-- MATERIALS PROVIDED follows --
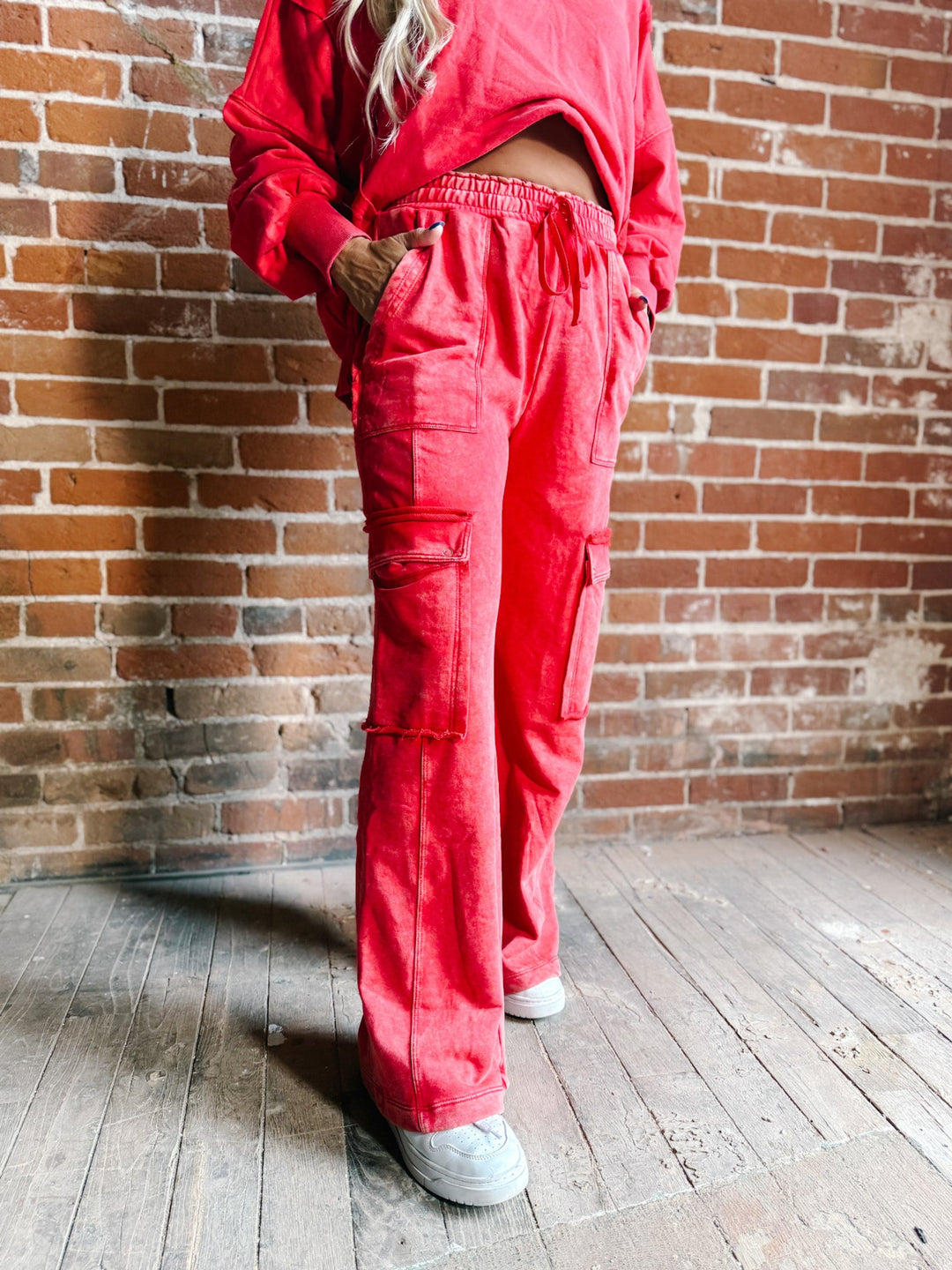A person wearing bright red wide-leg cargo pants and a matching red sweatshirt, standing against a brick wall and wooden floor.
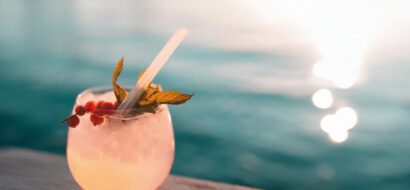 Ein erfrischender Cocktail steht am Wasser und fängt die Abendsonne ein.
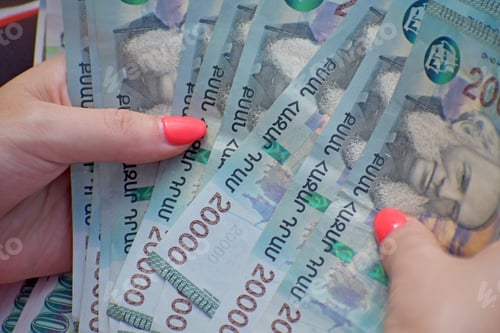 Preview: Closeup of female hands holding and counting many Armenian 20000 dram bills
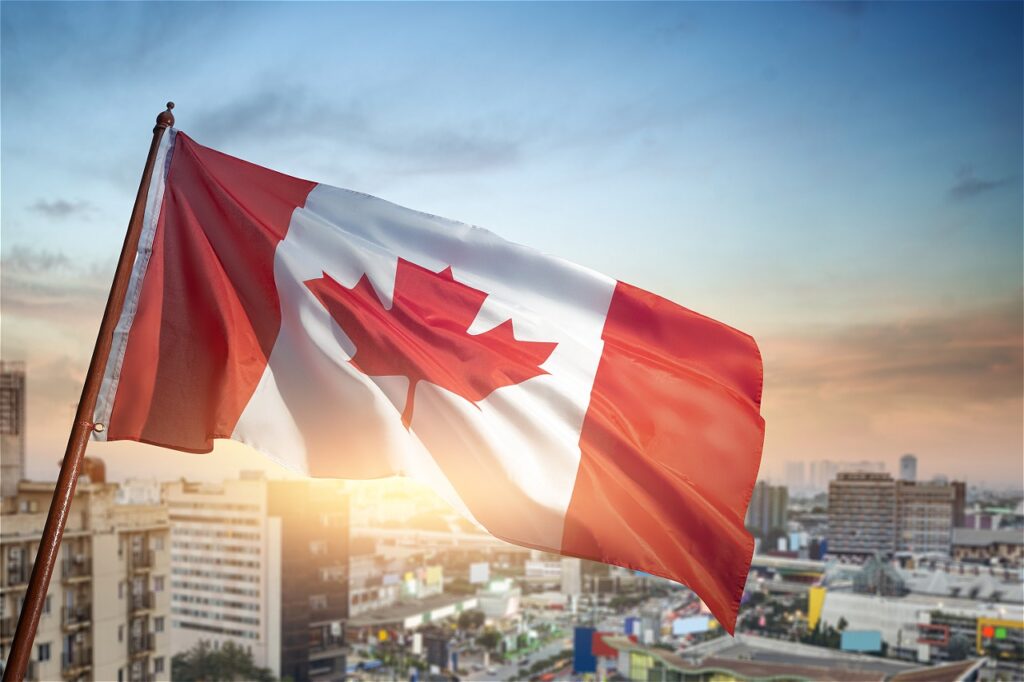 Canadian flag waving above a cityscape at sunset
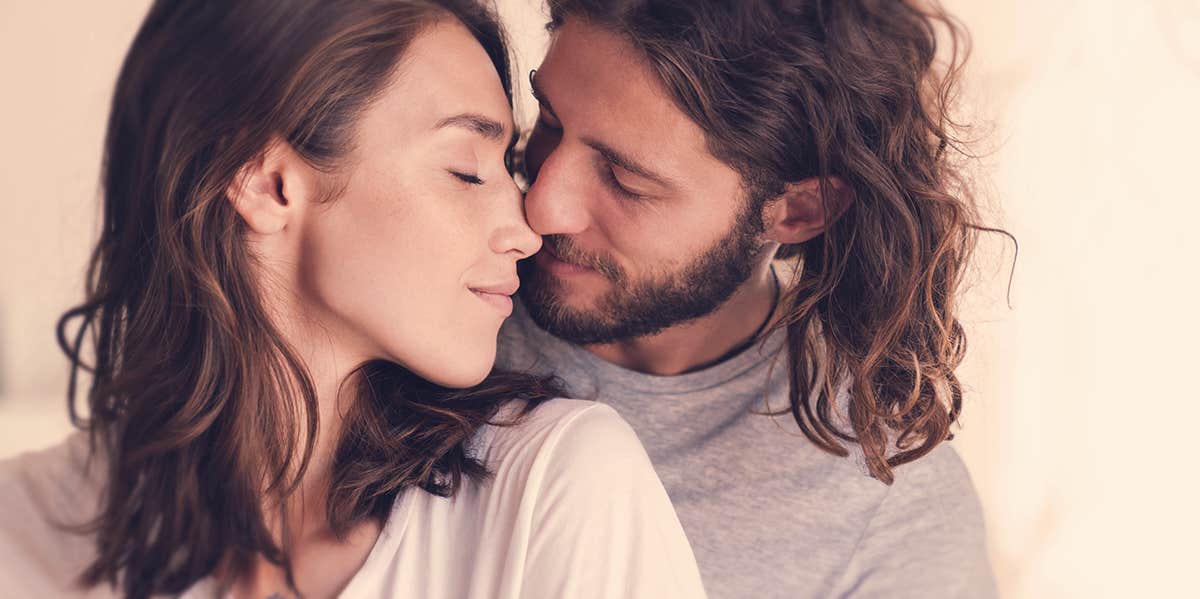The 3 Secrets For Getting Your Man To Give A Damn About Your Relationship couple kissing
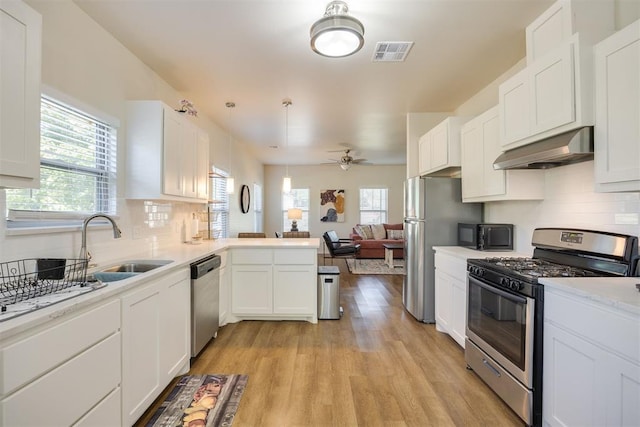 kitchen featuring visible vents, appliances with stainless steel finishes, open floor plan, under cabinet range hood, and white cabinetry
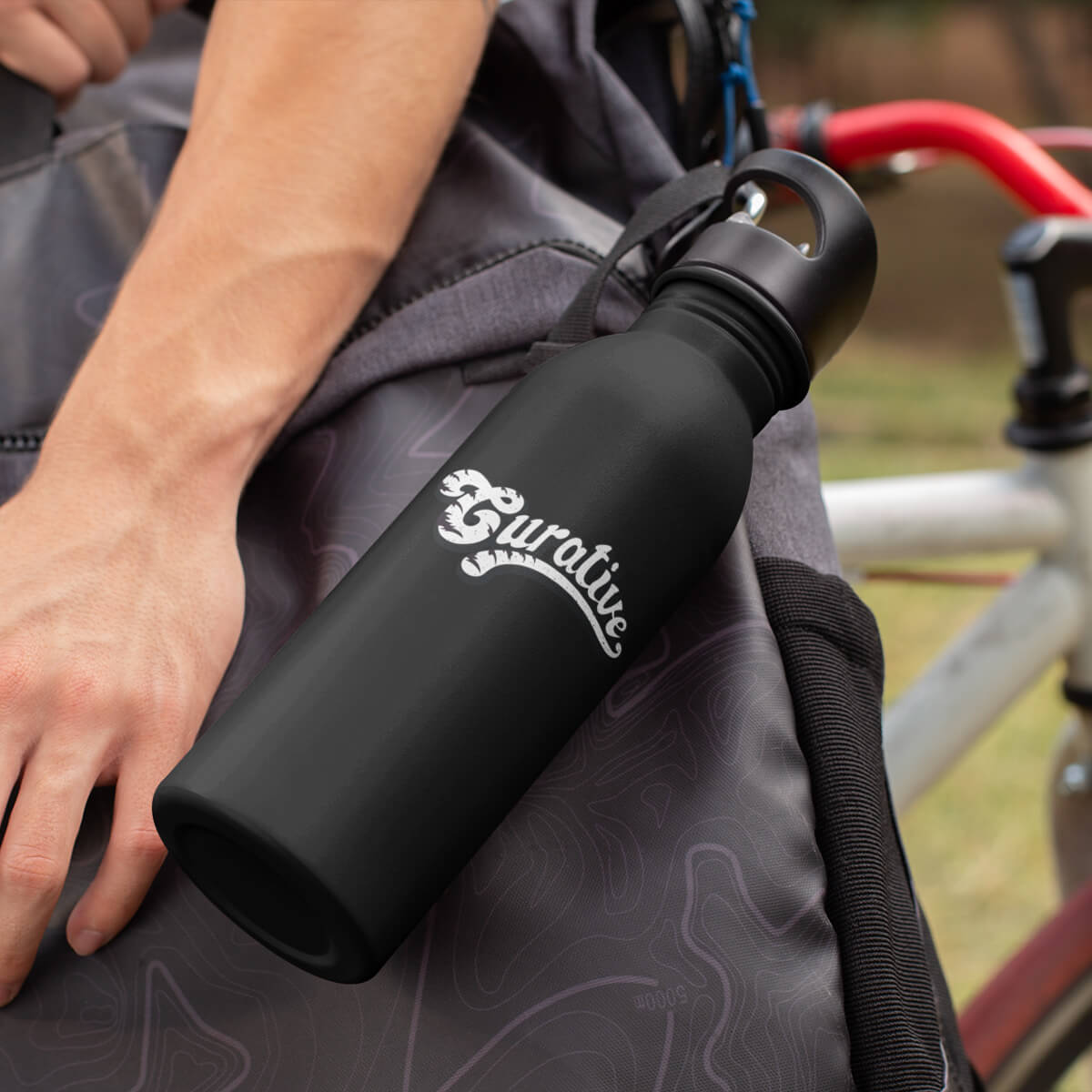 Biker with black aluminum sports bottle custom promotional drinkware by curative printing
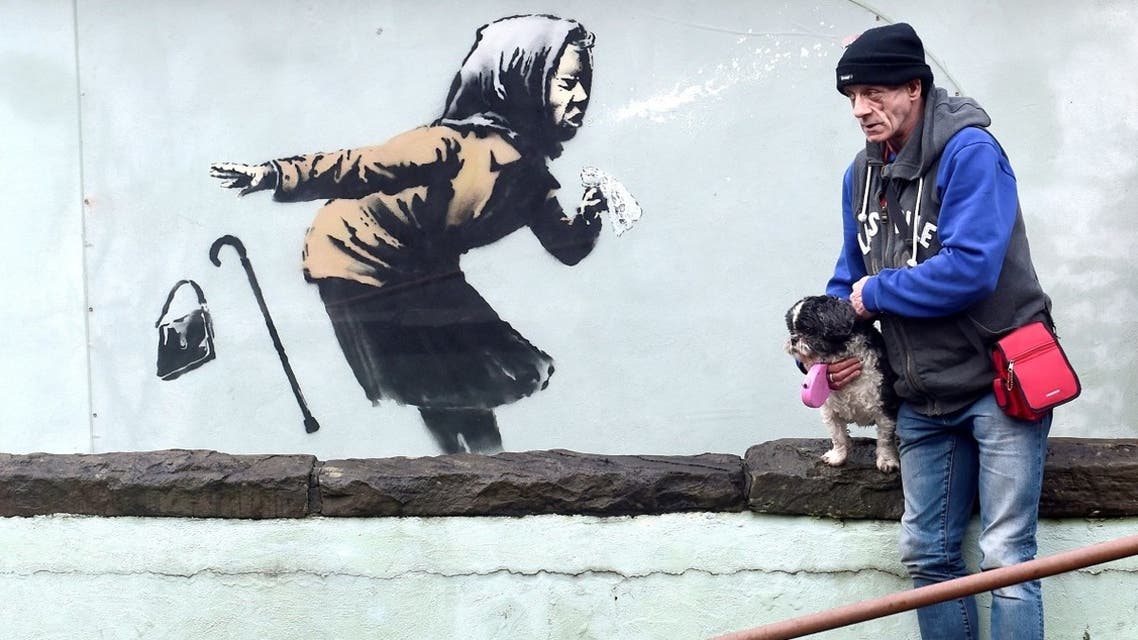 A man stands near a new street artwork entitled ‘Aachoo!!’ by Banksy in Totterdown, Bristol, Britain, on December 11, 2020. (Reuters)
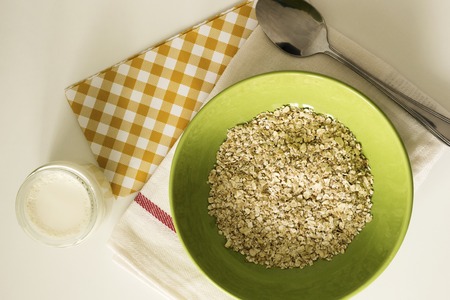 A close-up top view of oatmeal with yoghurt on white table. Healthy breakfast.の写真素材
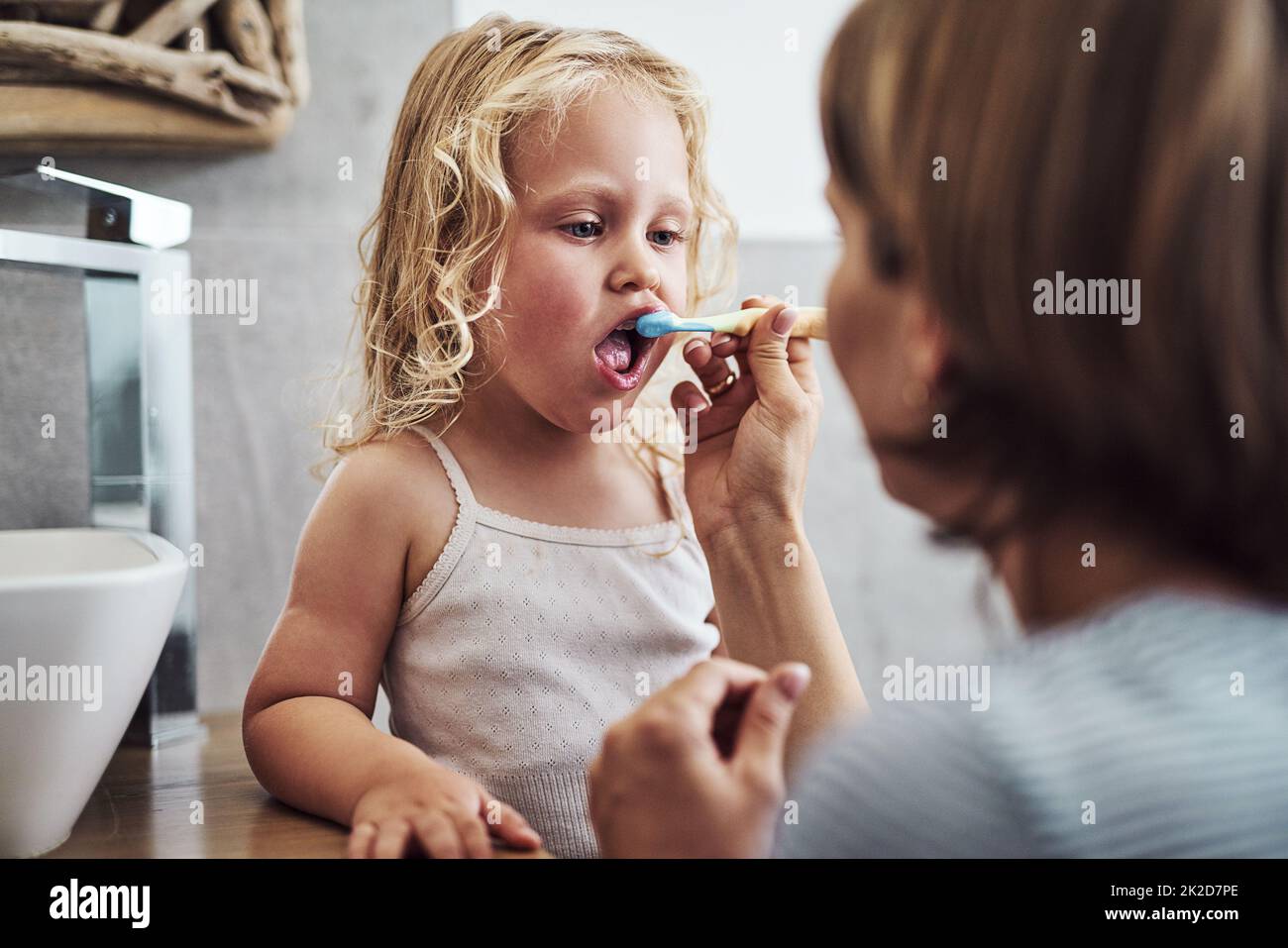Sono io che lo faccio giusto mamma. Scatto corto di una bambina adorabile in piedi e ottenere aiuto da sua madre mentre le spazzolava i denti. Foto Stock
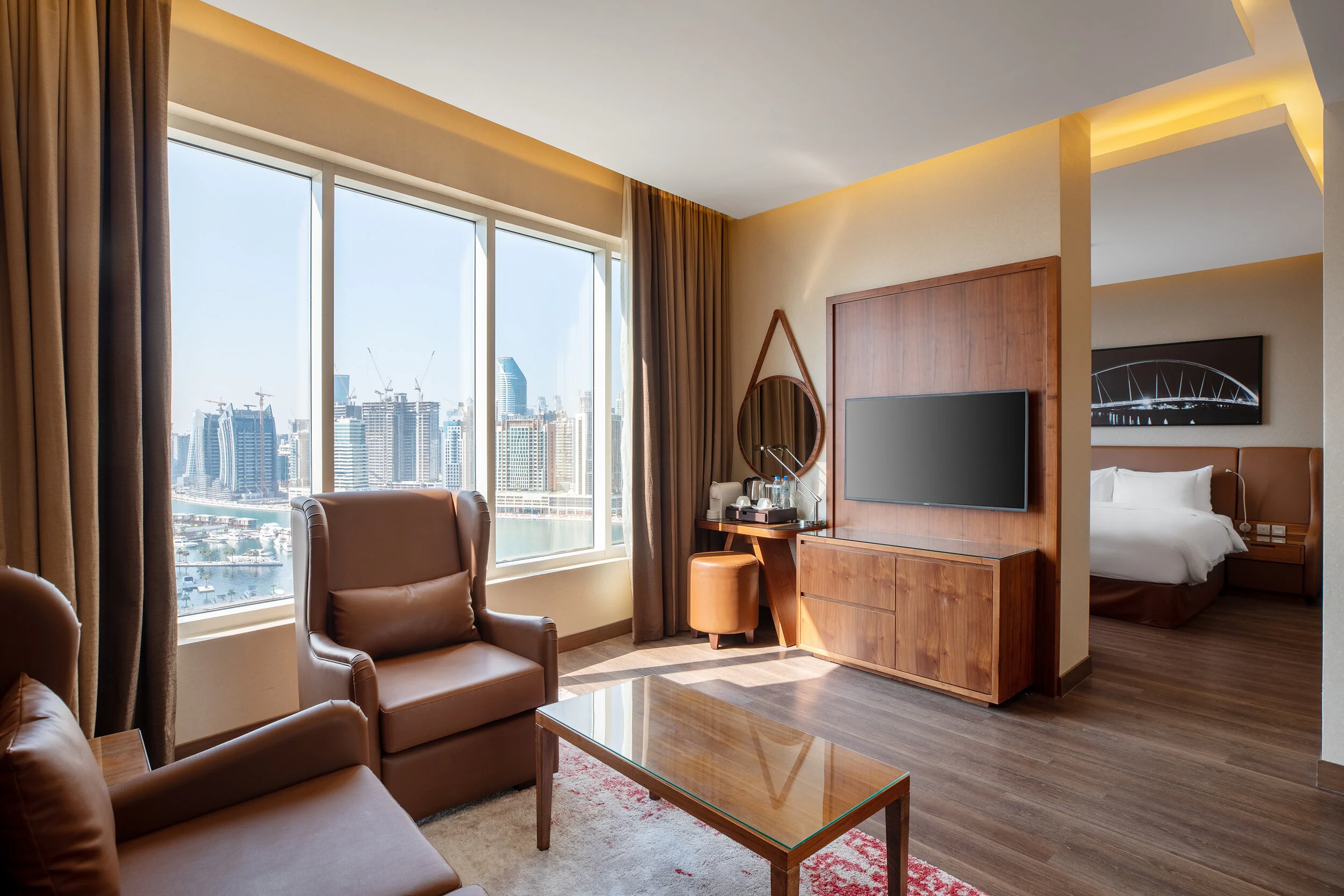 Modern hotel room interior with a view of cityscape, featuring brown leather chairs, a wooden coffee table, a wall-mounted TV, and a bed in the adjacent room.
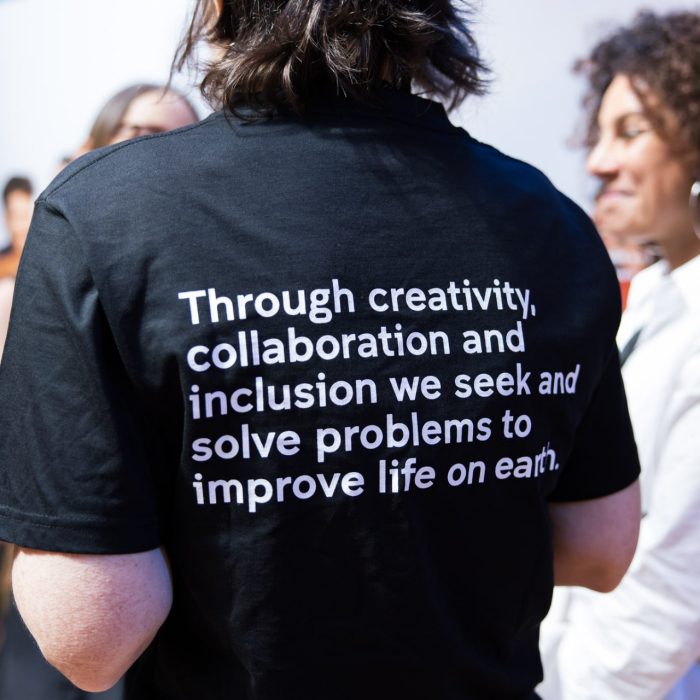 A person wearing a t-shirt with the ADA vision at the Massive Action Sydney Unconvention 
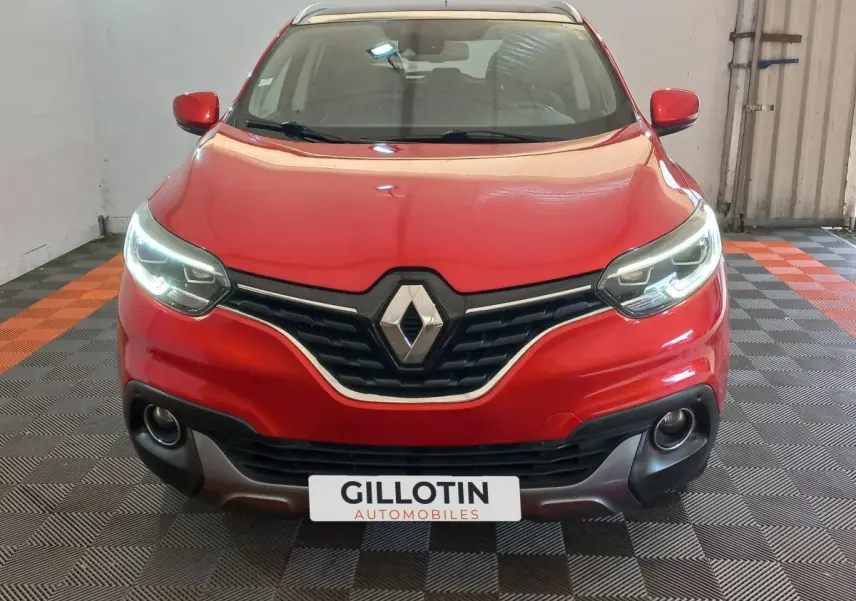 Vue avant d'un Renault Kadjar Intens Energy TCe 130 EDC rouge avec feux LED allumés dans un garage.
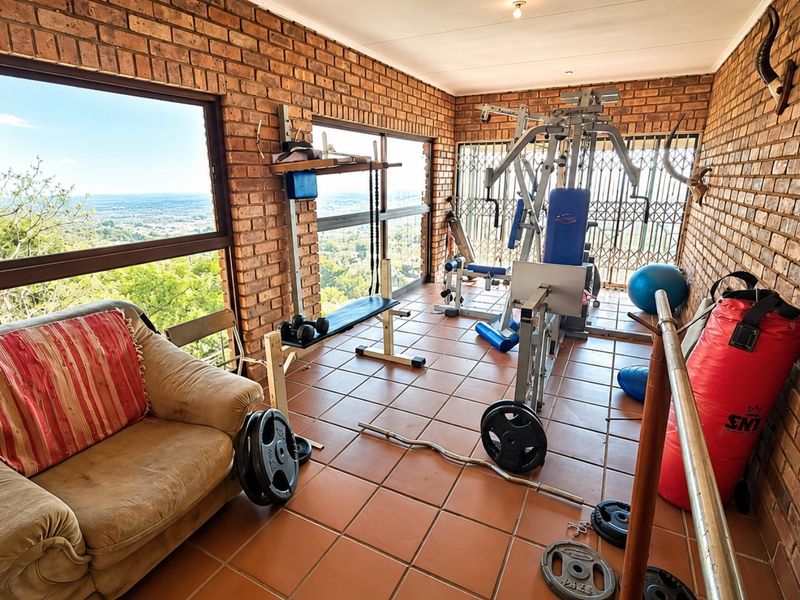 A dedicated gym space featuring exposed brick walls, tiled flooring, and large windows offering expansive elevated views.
-- MATERIALS PROVIDED concluded --
WHAT IS EXPECTED :: Taking the entries above, extract every line from the one bearing "The 3 Secrets" through the one bearing "A man stands", exactly, with no pictures.

ANSWER BOX ::
The 3 Secrets For Getting Your Man To Give A Damn About Your Relationship couple kissing
 kitchen featuring visible vents, appliances with stainless steel finishes, open floor plan, under cabinet range hood, and white cabinetry
 Biker with black aluminum sports bottle custom promotional drinkware by curative printing
 A man stands near a new street artwork entitled ‘Aachoo!!’ by Banksy in Totterdown, Bristol, Britain, on December 11, 2020. (Reuters)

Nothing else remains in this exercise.